What helps your score:
- Haunt Appearance (exterior and interior) - We expect a corn maze or forest to be dirty. There's dirt outside, and that's okay. Having proper signage, adequate lighting outside for indoor haunts and clear paths for outdoor haunts, looking like a spooky or creepy haunt, and making it look like you care about your haunt really help the overall experience.
- Quality of Acting - Not everybody is a movie star, and we realize that, but that being said, I've seen some crazy stupid awesome actors really knock it outta the park! Perfect timing, perfect makeup, and not only saying the right things but saying them in the right way are very possible with many local haunts!
- Realistic Props - Okay, we don't want real severed body parts, because that means you either stole them from the morgue or killed someone to get them. But if it doesn't look like it was bought at the Dollar Tree (no offense, Dollar Tree is awesome for some things!), and you make it look realistic, that's what really counts.
- Decorations - This goes hand-in-hand with props, don't go steal a coffin or headstone, don't bleed someone dry and splatter real blood around the place, but using quality materials to build each scene/room is a real helper!
- Setup/Design of Haunt - There's nothing quite like walking out of a haunt and really feeling like you've escaped a nightmare. When the scenes flow from one to another without feeling awkward, when there's clear direction of which way to go, and when the overall look and feel of the set is nightmare inducing, then you're doing it right.
- Level of Actual Fear (Scare Factor) - Everyone has their own special fears, and for me (Ash) it's clowns and insects. Irrational, perhaps, but when the clowns come to play, Ashley buries her face into Michala's or Jennifer's arm or side (or boobs, or back...whatever's immediately available). I'll let Kay and Jenn tell you what they're afraid of, but just know we all have very different fears. If a chainsaw guy can scare ME, he's awesome at his job.

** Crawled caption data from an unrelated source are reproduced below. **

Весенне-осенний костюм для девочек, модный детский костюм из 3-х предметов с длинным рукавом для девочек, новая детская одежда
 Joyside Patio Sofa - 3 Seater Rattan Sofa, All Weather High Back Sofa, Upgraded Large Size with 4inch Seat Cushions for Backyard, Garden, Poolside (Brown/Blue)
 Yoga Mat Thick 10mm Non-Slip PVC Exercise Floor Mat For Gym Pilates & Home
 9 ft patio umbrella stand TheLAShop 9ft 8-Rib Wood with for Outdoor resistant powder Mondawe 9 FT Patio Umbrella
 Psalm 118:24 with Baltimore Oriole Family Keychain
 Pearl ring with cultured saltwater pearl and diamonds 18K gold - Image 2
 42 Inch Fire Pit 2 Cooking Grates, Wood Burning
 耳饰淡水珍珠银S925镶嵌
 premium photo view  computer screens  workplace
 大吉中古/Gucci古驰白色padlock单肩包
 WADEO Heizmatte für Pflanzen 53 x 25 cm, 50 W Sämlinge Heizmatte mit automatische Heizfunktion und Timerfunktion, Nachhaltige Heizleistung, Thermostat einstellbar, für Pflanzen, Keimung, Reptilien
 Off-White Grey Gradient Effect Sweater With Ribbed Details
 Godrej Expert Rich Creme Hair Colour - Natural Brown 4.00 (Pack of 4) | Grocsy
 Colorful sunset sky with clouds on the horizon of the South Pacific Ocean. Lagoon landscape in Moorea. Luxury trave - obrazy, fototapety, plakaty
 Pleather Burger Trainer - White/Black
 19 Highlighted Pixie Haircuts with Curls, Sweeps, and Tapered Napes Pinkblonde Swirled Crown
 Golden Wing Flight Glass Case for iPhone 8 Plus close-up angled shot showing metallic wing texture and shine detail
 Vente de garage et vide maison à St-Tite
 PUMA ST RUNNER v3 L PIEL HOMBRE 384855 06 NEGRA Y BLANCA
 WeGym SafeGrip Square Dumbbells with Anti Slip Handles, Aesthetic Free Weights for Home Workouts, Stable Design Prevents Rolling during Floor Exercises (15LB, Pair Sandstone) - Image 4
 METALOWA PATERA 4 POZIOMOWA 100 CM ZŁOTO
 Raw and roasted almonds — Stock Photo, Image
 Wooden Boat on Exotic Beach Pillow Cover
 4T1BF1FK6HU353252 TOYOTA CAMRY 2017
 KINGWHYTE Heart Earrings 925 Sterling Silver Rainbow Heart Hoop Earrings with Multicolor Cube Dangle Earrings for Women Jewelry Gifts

But the "BOO" factor, where the actors or animatronics pop out at you and scream, shouldn't be the only scares.
- Shock Factor - However, you can't have a haunted house without the "BOO" factor. There should be a decent amount of shock during the haunt, but it shouldn't be the only thing the haunt relies on.
- Interaction - I can't stress enough, when the actors interact with us (even when not touching, but communicating otherwise) this really adds a level of entertainment to the whole experience. Now, the ones where they CAN and WILL touch you...I personally think those are the best. Because when you say nothing at all, but instead come at me with a syringe full of goodness only knows what, I don't care if it's fake, I'll probably run away screaming. And if you whisper my name in a creepy place, I might just pee my britches...
- Originality - Few things are better than doing the same thing everyone else is doing, but doing it differently and doing it better. Visiting these unique places is definitely one of those few things. I love to go somewhere that isn't all Jason, Freddy, Michael Myers, and Leatherface. I love my horror movie characters, but they don't scare me. Give me something else. Give me unique.
- Lazy acting
- Relying solely on shock value rather than actual fear
- Short scares (especially when mixed with long lines)
- Too much focus on Hollywood scenes without interaction
- Poor set design
- Unrealistic props/design
Now granted, every haunted house will be different (in theory) and this is just a general list of things we keep in mind when we visit a haunt. But just to give you an idea, we don't just BS our way through these, we really stop to evaluate the haunt while going through, and the more terrified we are, the higher the score will be, usually.
So, now you know what we look for, and what we think about when going through the haunts. May the nightmares begin!!